No the 280ZX Turbos and the Z31 300ZX turbos do not have intercooling. When these cars were developed intercoolers were not yet dependable so nissan decided not to use an intercooler on the early Turbos. The only Z31 that had an intercooler was the 200ZR but it also has the RB20DET. The real issue is the amount of boost that the Z31s run. Intercoolers are not effective below 8psi and the Z31 runs 6.7 so an intercooler is not necessary nad it would not work. You can safely run 8psi without an intercooler but above that one will become necessary.


----------



## Zen31ZR (Mar 24, 2004)

JAMESZ said:


> No the 280ZX Turbos and the Z31 300ZX turbos do not have intercooling. When these cars were developed intercoolers were not yet dependable so nissan decided not to use an intercooler on the early Turbos. The only Z31 that had an intercooler was the 200ZR but it also has the RB20DET. The real issue is the amount of boost that the Z31s run. Intercoolers are not effective below 8psi and the Z31 runs 6.7 so an intercooler is not necessary nad it would not work. You can safely run 8psi without an intercooler but above that one will become necessary.
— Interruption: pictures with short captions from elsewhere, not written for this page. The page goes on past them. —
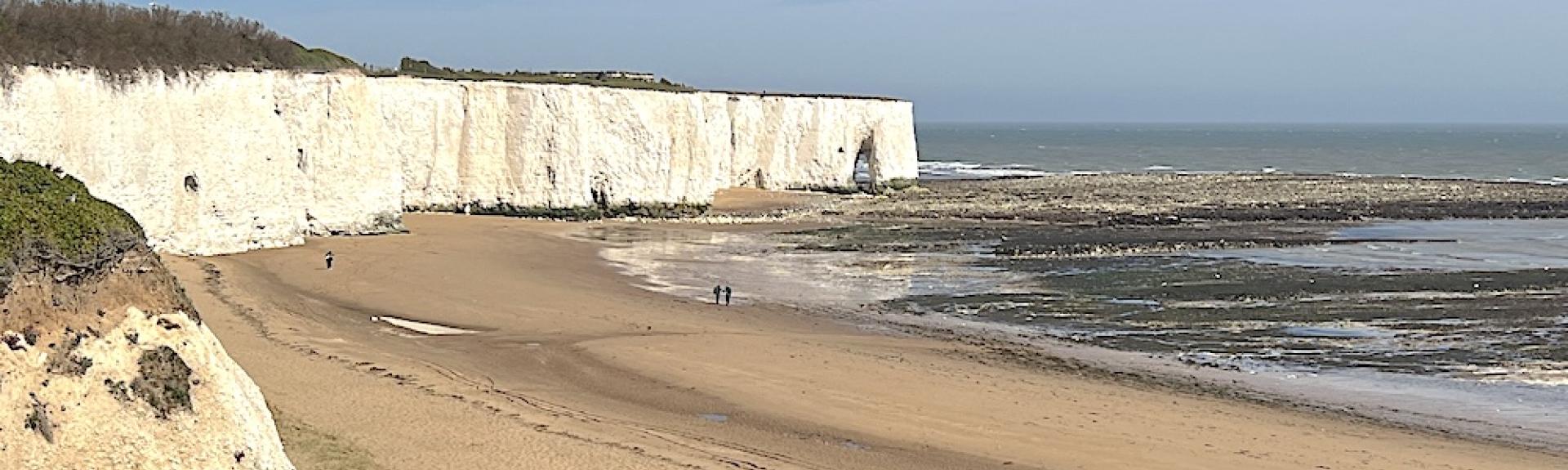 White cliffs at Broadstairs tower above a sandy beach at low tide on a clear summer's day.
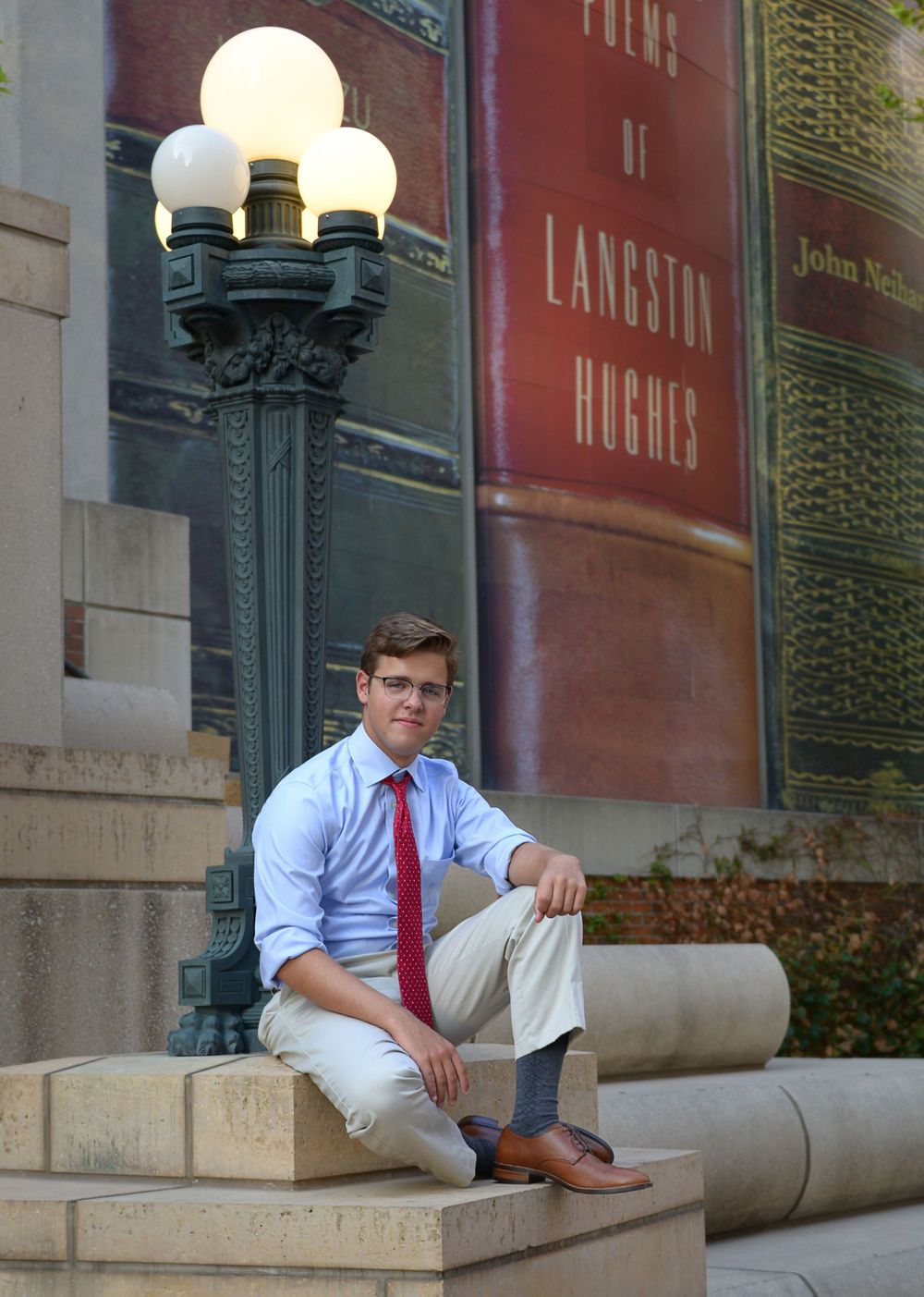 Classic formal portrait by vintage lamppost with business attire and architectural backdrop.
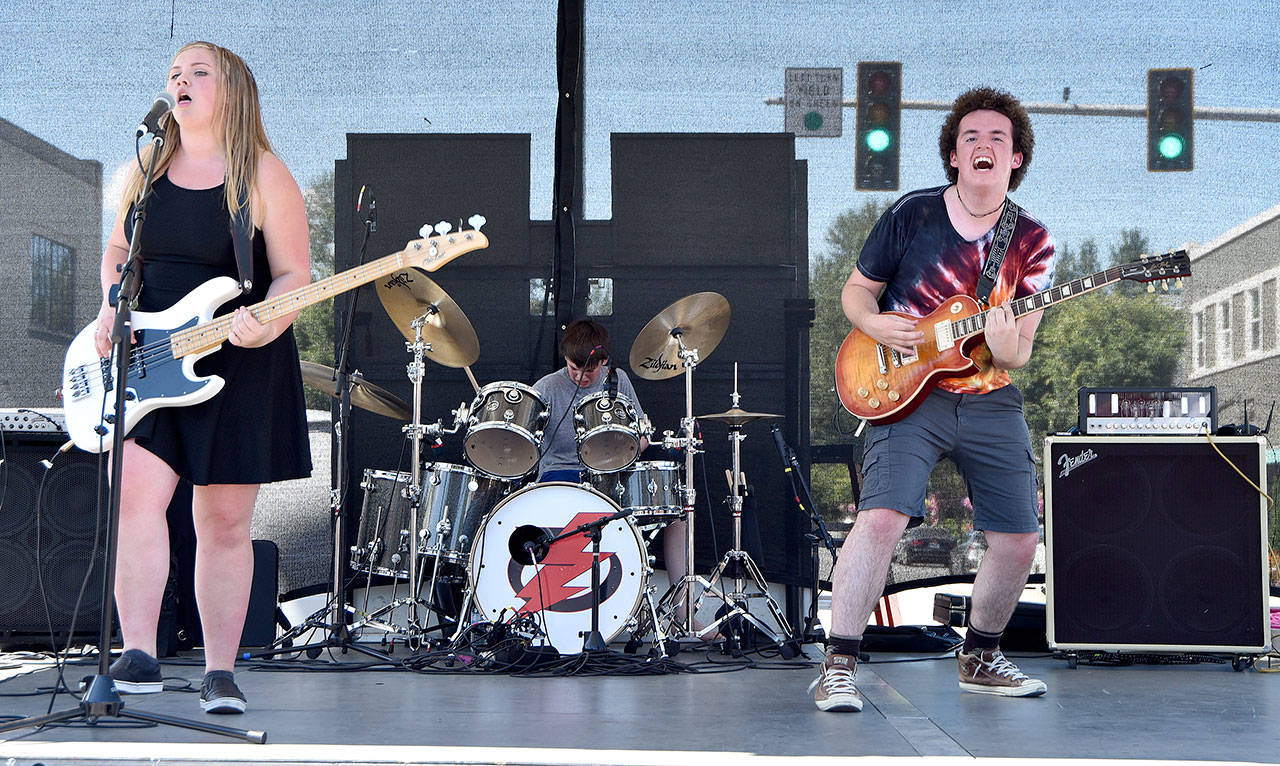 LocoMotive played the Bendigo Stage Saturday at the Block Party. Pictured from left are Bella Mariani, Ethan Horn and Ryan Horn. Carol Ladwig/Staff Photo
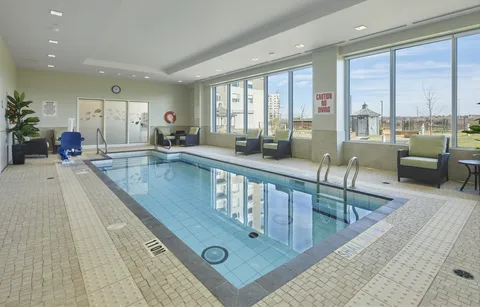 Indoor pool with a pool lift, handrails, chairs and large windows.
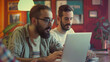 © Oulaphone - Male hipster entrepreneurs working with laptop at desk in creative office.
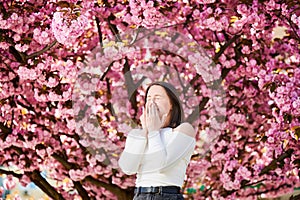 Woman allergic suffering from seasonal allergy at spring in blossoming garden at springtime.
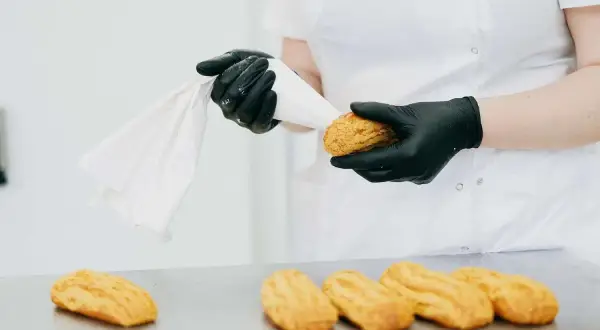 Ręce w czarnych rękawiczkach przygotowują ptysie do nadzienia kremem z żółtek. Na stole leżą gotowe ciastka.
The early Zs run about 5 psi boost , at least that was stock pressure on mine when I got it , and Z31.com seems to agree. I wouldn't say that intercooling was not dependable , just that it was not really required due to low boost pressures. Intercoolers were common as little as 2 years later , but in cars that were running 11-12 psi boost , such as the GNX and the Supra. Z31s NEVER had an IC , even up to 1989. Also depending on your application , intercooling mayb not be necessary , even above 8 psi.. I currently run 12-13 psi with no IC , with no ill effects , even on an 80 degree day. But I also run 91 octane religiously , I don't do long distance runs , and I'm at 6500 feet of altitude.


----------



## 0341TODD (Nov 15, 2003)

Exactly You can pack snow on your intake-hahaha


----------



## Zen31ZR (Mar 24, 2004)

0341TODD said:


> Exactly You can pack snow on your intake-hahaha


It's more like a desert up here than anything else. I'd have to drive up by Vail to get any snow , unless it snows this week.


----------



## 0341TODD (Nov 15, 2003)

Id rather live there then here in Florida. You cant tip cows in the rain here.


----------